## To do
Print, word for word, the line containing "GERRY WEBER Damen" and all lines beneath it to the end of the entries below. Pictures do not belong in the copy.

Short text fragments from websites
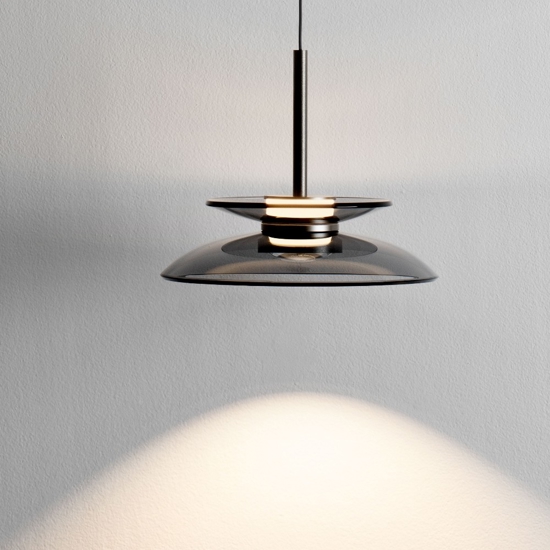 Lampada a sospensione led 10w dimmerabile piatto vetro fume per isola cucina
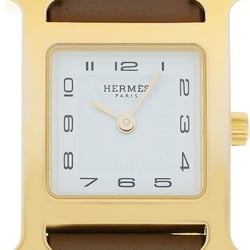 HERMES H Watch PM 25mm HH1.201 B engraved (around 2023) Women's GP/Leather Quartz White Dial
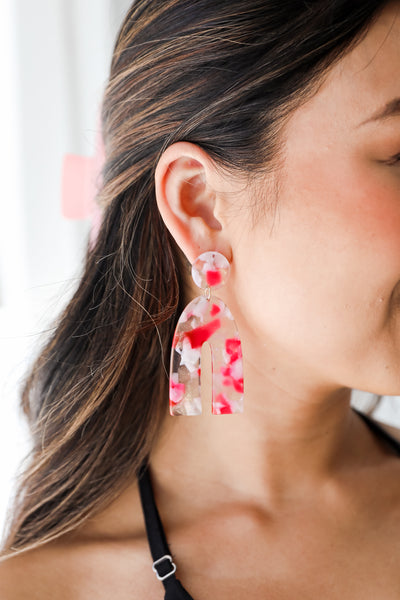 pink Acrylic Statement Earrings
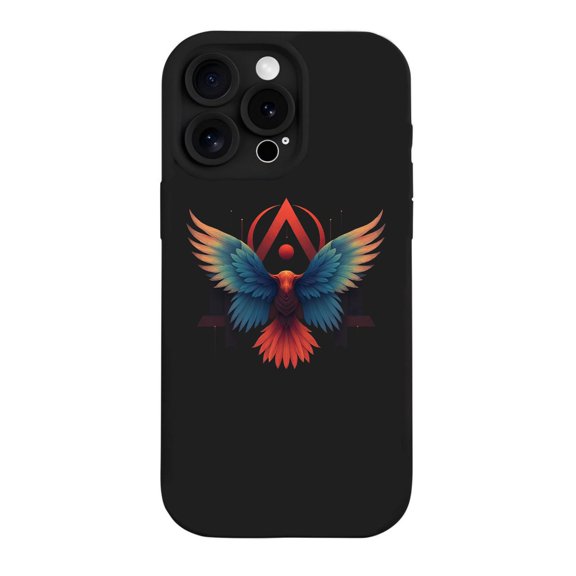 Stylish iPhone 15 Pro Case - Lightweight Yellowing Resistant with Vibrant Bird Design & Geometric Symbol - Modern Protection for Your Phone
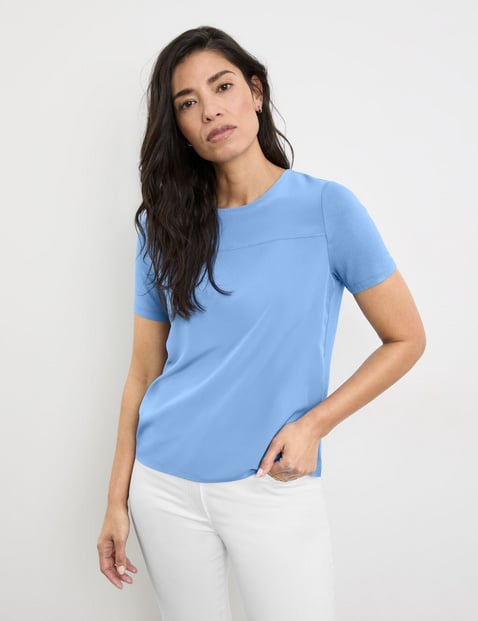 GERRY WEBER Damen T-Shirt mit Material-Patch 62cm Kurzarm Rundhals Blau von Gerry Weber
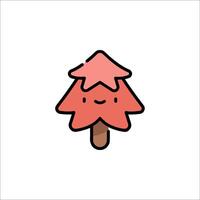 A cute little tree with a red heart on it vector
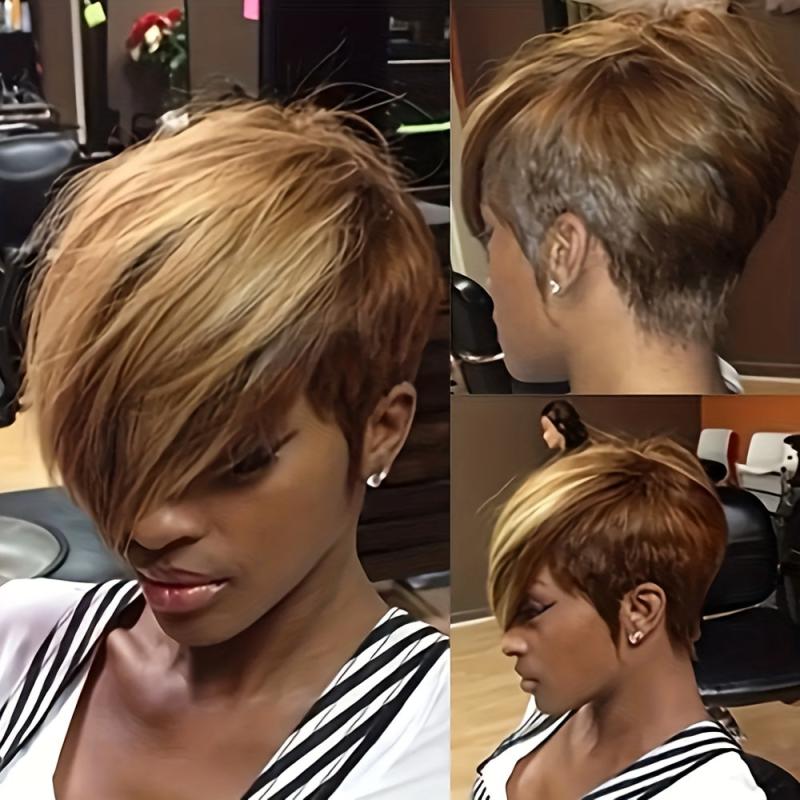 Pixie Cut Wigs With Bangs Ombre Bob Wigs Brown Synthetic Wig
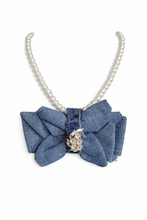 Load image into Gallery viewer, Denim Bow Pearl Statement Necklace with Rhinestone Center SculptFold™ Bow Necklace
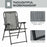 2 Pieces Foldable Chair Set, Outdoor Portable Loungers for Camping Pool Beach Deck, Lawn Chairs with Armrest Steel Frame, Grey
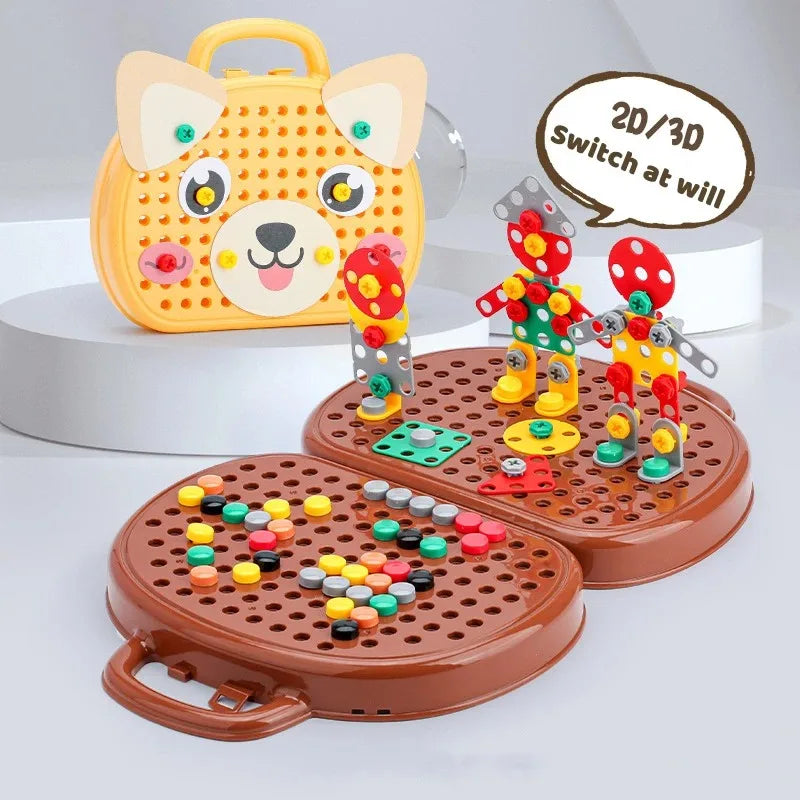 Educational Screwdriver Screwing Assembling Toolbox Toy Electric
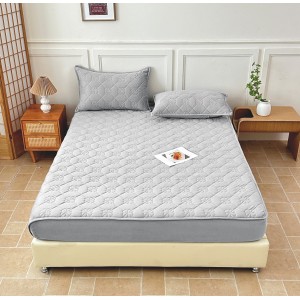 Husă / Topper Saltea 180x200 cm cu Elastic + 2 Fețe de Pernă – Gri Deschis, HTC-009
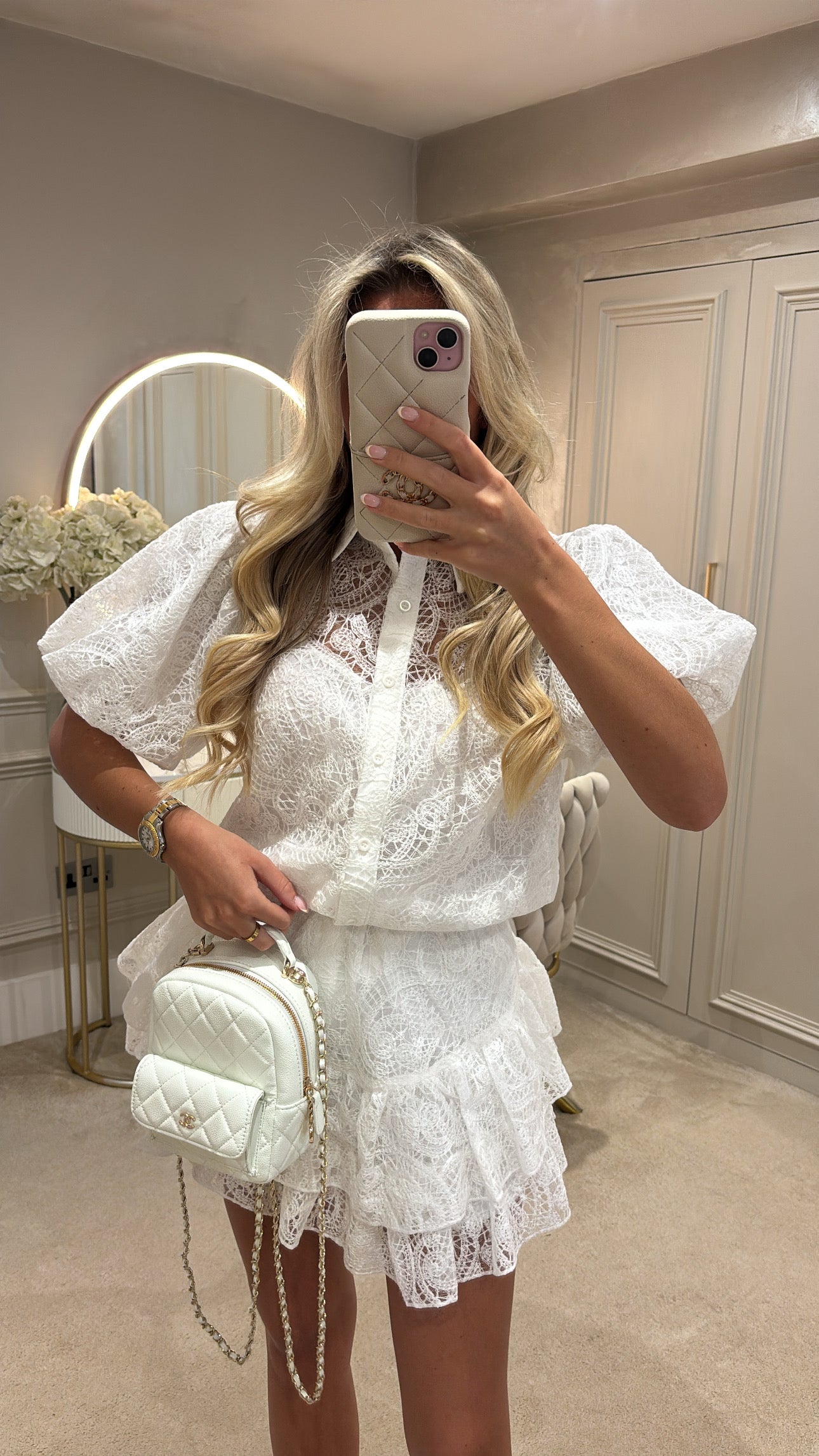 Puff shoulder skort co-ord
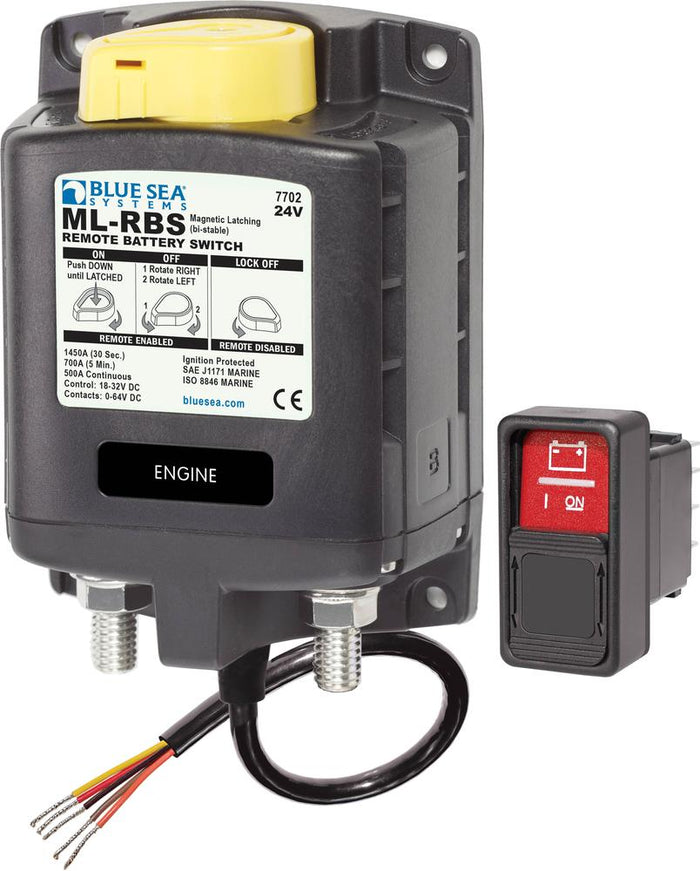 Blue Sea ML-RBS 24vDC 500A Remote Battery Switch With Manual Control — 1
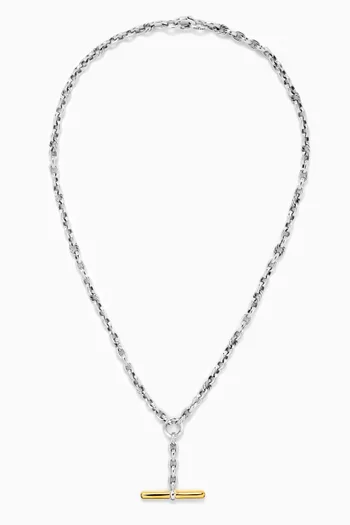 DY Mercer® Petite Toggle Chain Necklace in Sterling Silver & 18kt Gold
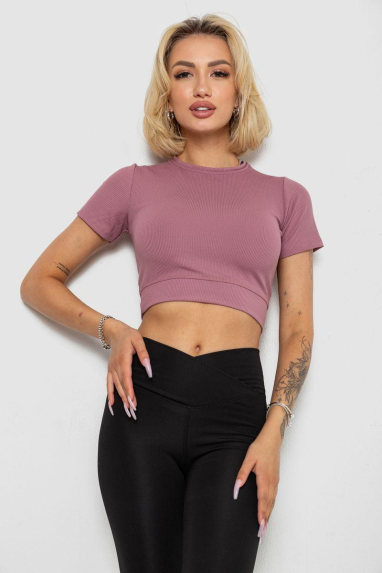 Футболка - топ жіноча в рубчик, колір пудровий, 238R58210 XXL, 52, XXL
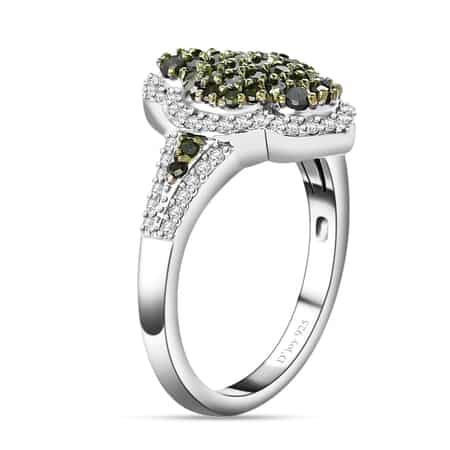 Green and White Diamond Cluster Ring,  Rhodium and Platinum Over Sterling Silver Ring, Green Diamond Ring, Diamond Engagement Ring 1.00 ctw image number 4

## Task response
 GERRY WEBER Damen T-Shirt mit Material-Patch 62cm Kurzarm Rundhals Blau von Gerry Weber
 A cute little tree with a red heart on it vector
 Pixie Cut Wigs With Bangs Ombre Bob Wigs Brown Synthetic Wig
 Load image into Gallery viewer, Denim Bow Pearl Statement Necklace with Rhinestone Center SculptFold™ Bow Necklace
 2 Pieces Foldable Chair Set, Outdoor Portable Loungers for Camping Pool Beach Deck, Lawn Chairs with Armrest Steel Frame, Grey
 Educational Screwdriver Screwing Assembling Toolbox Toy Electric
 Husă / Topper Saltea 180x200 cm cu Elastic + 2 Fețe de Pernă – Gri Deschis, HTC-009
 Puff shoulder skort co-ord
 Blue Sea ML-RBS 24vDC 500A Remote Battery Switch With Manual Control — 1
 DY Mercer® Petite Toggle Chain Necklace in Sterling Silver & 18kt Gold
 Футболка - топ жіноча в рубчик, колір пудровий, 238R58210 XXL, 52, XXL
 Green and White Diamond Cluster Ring,  Rhodium and Platinum Over Sterling Silver Ring, Green Diamond Ring, Diamond Engagement Ring 1.00 ctw image number 4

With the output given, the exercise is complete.